Here at livegreenbegreen, we are always searching for new and inventive ways to maintain a green lifestyle. So when I came across this article which detailed the environmental effects of our deaths, my interest peaked to say the least.
The article, written by Yuan Gao and Robert Short, describes the environmental problem our passing’s cause as, “Every cremation creates about 160 kg of carbon dioxide (CO2).” This is a particular problem in China where nearly five million bodies were cremated in 2011 alone. More staggering is that the rate of cremation is increasing due to the aging population, which ultimately will result in an estimated 143,066 tons of additional CO2 being emitted. This figure fails to mention the other pollutions that will be released as a result of the process including, “…Sulfur dioxide, nitrogen oxides, monoxide, hydrocarbons, hydrogen sulfide, ammonia, hydrogen chloride, hydrogen fluoride, and mercury among others.”

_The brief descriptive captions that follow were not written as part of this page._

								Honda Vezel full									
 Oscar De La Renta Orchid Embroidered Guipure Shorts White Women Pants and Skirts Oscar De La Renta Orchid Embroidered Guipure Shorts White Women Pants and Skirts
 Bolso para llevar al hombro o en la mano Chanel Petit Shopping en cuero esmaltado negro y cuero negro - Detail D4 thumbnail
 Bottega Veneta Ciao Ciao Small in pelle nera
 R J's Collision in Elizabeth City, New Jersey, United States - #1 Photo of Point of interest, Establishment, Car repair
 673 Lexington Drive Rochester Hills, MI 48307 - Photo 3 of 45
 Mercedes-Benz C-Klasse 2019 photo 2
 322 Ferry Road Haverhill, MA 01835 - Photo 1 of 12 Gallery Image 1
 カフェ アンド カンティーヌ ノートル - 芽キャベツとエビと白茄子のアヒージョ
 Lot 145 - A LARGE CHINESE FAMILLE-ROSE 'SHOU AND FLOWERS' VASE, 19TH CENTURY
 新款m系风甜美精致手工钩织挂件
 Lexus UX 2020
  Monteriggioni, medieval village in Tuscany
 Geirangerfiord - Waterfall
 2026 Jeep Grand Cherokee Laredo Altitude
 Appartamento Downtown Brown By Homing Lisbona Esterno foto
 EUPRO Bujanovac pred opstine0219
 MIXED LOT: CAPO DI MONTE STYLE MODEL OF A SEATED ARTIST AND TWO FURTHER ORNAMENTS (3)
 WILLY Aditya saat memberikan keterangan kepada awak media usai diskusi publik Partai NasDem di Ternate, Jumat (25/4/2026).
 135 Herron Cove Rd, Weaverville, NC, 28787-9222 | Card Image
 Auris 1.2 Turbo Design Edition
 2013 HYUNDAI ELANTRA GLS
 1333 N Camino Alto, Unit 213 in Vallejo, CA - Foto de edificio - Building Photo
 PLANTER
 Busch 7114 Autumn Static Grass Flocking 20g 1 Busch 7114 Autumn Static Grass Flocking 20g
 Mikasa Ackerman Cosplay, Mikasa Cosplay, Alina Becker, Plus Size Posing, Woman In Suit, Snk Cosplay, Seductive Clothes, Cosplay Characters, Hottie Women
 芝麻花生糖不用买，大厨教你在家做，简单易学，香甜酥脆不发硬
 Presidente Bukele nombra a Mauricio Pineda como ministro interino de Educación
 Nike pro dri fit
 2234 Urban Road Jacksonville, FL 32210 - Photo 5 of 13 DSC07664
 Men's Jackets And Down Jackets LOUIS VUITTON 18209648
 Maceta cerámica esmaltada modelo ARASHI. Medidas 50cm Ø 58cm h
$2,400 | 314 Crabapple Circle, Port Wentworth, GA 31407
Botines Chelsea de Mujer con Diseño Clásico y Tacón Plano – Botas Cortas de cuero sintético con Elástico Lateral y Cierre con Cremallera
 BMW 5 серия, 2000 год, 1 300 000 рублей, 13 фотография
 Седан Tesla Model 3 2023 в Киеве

Thankfully, the authors propose greener options to combat this growing problem. They advocate, “Burying the corpse in a simple and biodegradable bag or container under a tree, without building stone tombs or erecting tombstones.” This ultimately would save valuable land space in addition to reducing the emissions from a cremation alternative. Also, the additive of placing the bodies near trees enables them to absorb CO2 that naturally emits from the decaying body and enables them to grow naturally and sustainably. Lastly, this practice saves wood for those buried in wood coffins, and makes ecological sense in that our bodies, in an act of retribution, serve as a natural fertilizer for the earth we used during our lifetimes.
While we tend to focus on changing our current habits to affect the world in a positive place, similarly our posthumous actions can have a lasting impact on our environment. By changing the way we think, we can all have a positive bearing on our planet both during our lifetime, and after death.